Cabinet ministers held a hastily arranged meeting in Vancouver Sunday, and emerged united in support of Clark, who offered a personal apology before a crowd of reporters Sunday evening.
Going into the legislature Monday, Chilliwack MLA John Les said he continues to support Clark's leadership, but he expected a frank discussion behind closed doors on how the government should handle the controversy.
"You're not going to move forward as a party if you can't be honest with each other," Les said.
One disputed point is a plan to make an apology in the legislature for the "head tax" on Chinese immigrants, imposed by Ottawa from 1885 to 1935. Such apologies are proposed in the strategy document as "quick wins" before the May 14 provincial election.
Vancouver-Fraserview MLA Kash Heed objected to the move on the weekend, telling CKNW radio that such an apology would be "hollow."
In a terse statement issued Friday afternoon, Clark announced that she has accepted the resignation of her long-time assistant, Kim Haakstad, who distributed the ethnic voter plan to party and government staff via their personal e-mail addresses.

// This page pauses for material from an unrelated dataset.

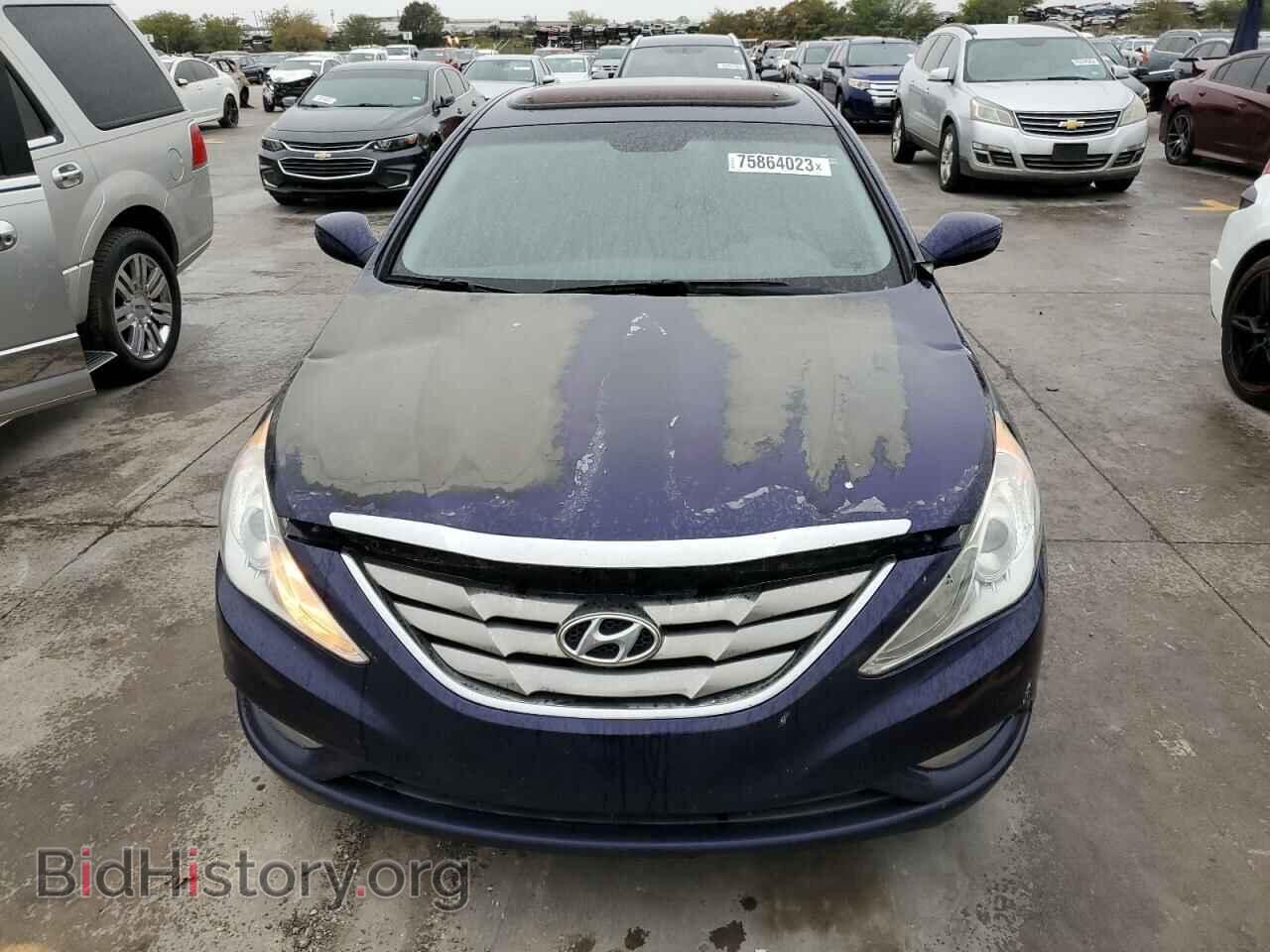 2012 HYUNDAI SONATA - VIN: 5NPEC4AC6CH400407 - Фото 5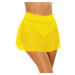Dámská plážová sukně Skirt 4 D98B - 21 žlutá - Self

Haakstad, Clark's deputy chief of staff, and "outreach" staff from the premier's office are subject to an internal investigation ordered by Clark Thursday. John Dyble, head of the public service, is to examine whether government resources were redirected to help deliver ethnic votes to the B.C. Liberal Party.

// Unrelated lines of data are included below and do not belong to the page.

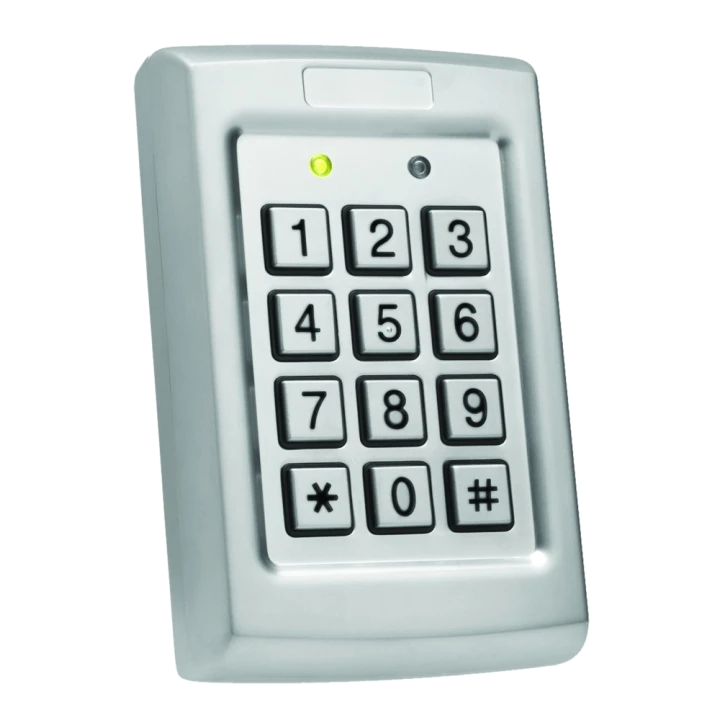 Clavier Autonome Anti-Vandale Rétroéclairé, 500 Utilis, 2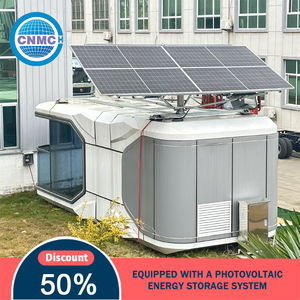 Ready Made Manufacture Price <b>Prefab</b> <b>House</b> Garden Living Container Cabin 40ft Expandable Design Grows with Your Needs as Your - Product Image 1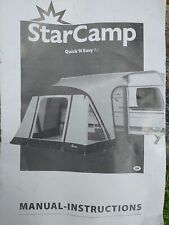 Doreema star camp for sale  DUMBARTON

A 2012 draft strategy memo leaked to the NDP opposition discusses ways to improve the governing party's popularity with immigrant communities, including recruiting new members and spokespeople to call and write to ethnic media outlets. Clark issued an apology for the document, read in the legislature Thursday by Deputy Premier Rich Coleman.
"The document did not recognize there are lines that cannot be crossed in conducting this outreach [to ethnic communities] and it is unacceptable," the statement says. "The language in this draft document and some of the recommendations are absolutely inappropriate."